What this task involves => Reproduce word for word, from the entries below, the line with "Noisy May NMBIANCA MINI BUBBLE SKIRT", the line with "Škoda Fabia 1.0 2017 - 19", and every line between them, and nothing more.

Record excerpts =>

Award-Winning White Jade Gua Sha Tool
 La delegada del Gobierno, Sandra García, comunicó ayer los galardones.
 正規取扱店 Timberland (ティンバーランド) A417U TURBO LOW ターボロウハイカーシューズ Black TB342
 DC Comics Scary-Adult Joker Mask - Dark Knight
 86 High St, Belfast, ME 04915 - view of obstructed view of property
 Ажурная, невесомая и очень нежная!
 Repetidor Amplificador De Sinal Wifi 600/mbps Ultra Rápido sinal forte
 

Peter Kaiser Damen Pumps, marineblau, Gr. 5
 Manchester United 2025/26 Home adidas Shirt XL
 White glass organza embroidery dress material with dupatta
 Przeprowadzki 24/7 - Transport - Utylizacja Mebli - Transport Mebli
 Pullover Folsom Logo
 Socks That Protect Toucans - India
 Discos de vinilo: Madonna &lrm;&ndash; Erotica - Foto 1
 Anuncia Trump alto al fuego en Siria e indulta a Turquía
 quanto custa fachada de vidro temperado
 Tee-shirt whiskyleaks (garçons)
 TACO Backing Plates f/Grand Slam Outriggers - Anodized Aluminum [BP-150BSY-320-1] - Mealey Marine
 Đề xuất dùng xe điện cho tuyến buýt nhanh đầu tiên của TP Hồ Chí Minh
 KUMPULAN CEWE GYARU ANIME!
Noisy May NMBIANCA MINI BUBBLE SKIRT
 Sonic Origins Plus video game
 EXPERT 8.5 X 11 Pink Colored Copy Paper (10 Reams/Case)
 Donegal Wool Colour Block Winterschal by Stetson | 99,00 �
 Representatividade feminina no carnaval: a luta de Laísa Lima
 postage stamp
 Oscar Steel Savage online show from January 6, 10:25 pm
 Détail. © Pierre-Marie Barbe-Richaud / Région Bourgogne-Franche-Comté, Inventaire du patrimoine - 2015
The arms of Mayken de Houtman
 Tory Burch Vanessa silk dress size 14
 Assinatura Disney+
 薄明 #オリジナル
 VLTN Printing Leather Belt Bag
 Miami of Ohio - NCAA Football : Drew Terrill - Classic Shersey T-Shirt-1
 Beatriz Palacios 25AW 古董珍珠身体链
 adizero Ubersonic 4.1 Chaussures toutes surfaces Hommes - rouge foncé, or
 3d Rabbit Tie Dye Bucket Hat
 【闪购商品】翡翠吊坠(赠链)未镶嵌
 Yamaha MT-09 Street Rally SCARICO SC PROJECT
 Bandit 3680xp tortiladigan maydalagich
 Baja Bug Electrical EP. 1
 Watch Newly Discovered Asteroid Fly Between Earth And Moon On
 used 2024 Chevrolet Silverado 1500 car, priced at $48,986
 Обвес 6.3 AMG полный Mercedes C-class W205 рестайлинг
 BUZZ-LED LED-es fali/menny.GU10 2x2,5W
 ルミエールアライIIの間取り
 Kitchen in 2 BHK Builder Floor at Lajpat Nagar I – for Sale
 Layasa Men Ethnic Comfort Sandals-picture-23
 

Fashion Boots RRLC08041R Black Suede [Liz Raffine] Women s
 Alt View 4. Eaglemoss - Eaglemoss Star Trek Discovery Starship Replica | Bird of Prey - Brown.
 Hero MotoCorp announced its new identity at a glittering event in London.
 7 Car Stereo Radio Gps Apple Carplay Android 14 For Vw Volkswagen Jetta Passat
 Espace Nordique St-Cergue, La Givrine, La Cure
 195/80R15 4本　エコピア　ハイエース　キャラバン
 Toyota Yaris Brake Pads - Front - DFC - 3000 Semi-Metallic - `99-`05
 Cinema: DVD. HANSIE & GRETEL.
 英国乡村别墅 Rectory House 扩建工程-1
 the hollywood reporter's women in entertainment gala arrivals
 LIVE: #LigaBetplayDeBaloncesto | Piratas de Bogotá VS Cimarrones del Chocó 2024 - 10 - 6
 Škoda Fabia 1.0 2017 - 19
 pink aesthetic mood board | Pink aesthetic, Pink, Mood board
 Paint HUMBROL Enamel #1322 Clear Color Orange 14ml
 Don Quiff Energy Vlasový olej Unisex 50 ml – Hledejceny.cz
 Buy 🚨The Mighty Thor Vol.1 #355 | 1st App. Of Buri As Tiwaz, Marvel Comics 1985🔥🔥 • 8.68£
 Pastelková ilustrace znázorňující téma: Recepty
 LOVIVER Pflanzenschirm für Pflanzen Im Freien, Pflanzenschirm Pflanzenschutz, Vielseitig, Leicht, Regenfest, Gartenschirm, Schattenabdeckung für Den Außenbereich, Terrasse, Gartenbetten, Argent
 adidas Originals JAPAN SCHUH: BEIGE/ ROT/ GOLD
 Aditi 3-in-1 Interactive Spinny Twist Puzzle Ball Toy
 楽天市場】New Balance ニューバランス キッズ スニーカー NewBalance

Written reply =>
Noisy May NMBIANCA MINI BUBBLE SKIRT
 Sonic Origins Plus video game
 EXPERT 8.5 X 11 Pink Colored Copy Paper (10 Reams/Case)
 Donegal Wool Colour Block Winterschal by Stetson | 99,00 �
 Representatividade feminina no carnaval: a luta de Laísa Lima
 postage stamp
 Oscar Steel Savage online show from January 6, 10:25 pm
 Détail. © Pierre-Marie Barbe-Richaud / Région Bourgogne-Franche-Comté, Inventaire du patrimoine - 2015
The arms of Mayken de Houtman
 Tory Burch Vanessa silk dress size 14
 Assinatura Disney+
 薄明 #オリジナル
 VLTN Printing Leather Belt Bag
 Miami of Ohio - NCAA Football : Drew Terrill - Classic Shersey T-Shirt-1
 Beatriz Palacios 25AW 古董珍珠身体链
 adizero Ubersonic 4.1 Chaussures toutes surfaces Hommes - rouge foncé, or
 3d Rabbit Tie Dye Bucket Hat
 【闪购商品】翡翠吊坠(赠链)未镶嵌
 Yamaha MT-09 Street Rally SCARICO SC PROJECT
 Bandit 3680xp tortiladigan maydalagich
 Baja Bug Electrical EP. 1
 Watch Newly Discovered Asteroid Fly Between Earth And Moon On
 used 2024 Chevrolet Silverado 1500 car, priced at $48,986
 Обвес 6.3 AMG полный Mercedes C-class W205 рестайлинг
 BUZZ-LED LED-es fali/menny.GU10 2x2,5W
 ルミエールアライIIの間取り
 Kitchen in 2 BHK Builder Floor at Lajpat Nagar I – for Sale
 Layasa Men Ethnic Comfort Sandals-picture-23
 

Fashion Boots RRLC08041R Black Suede [Liz Raffine] Women s
 Alt View 4. Eaglemoss - Eaglemoss Star Trek Discovery Starship Replica | Bird of Prey - Brown.
 Hero MotoCorp announced its new identity at a glittering event in London.
 7 Car Stereo Radio Gps Apple Carplay Android 14 For Vw Volkswagen Jetta Passat
 Espace Nordique St-Cergue, La Givrine, La Cure
 195/80R15 4本　エコピア　ハイエース　キャラバン
 Toyota Yaris Brake Pads - Front - DFC - 3000 Semi-Metallic - `99-`05
 Cinema: DVD. HANSIE & GRETEL.
 英国乡村别墅 Rectory House 扩建工程-1
 the hollywood reporter's women in entertainment gala arrivals
 LIVE: #LigaBetplayDeBaloncesto | Piratas de Bogotá VS Cimarrones del Chocó 2024 - 10 - 6
 Škoda Fabia 1.0 2017 - 19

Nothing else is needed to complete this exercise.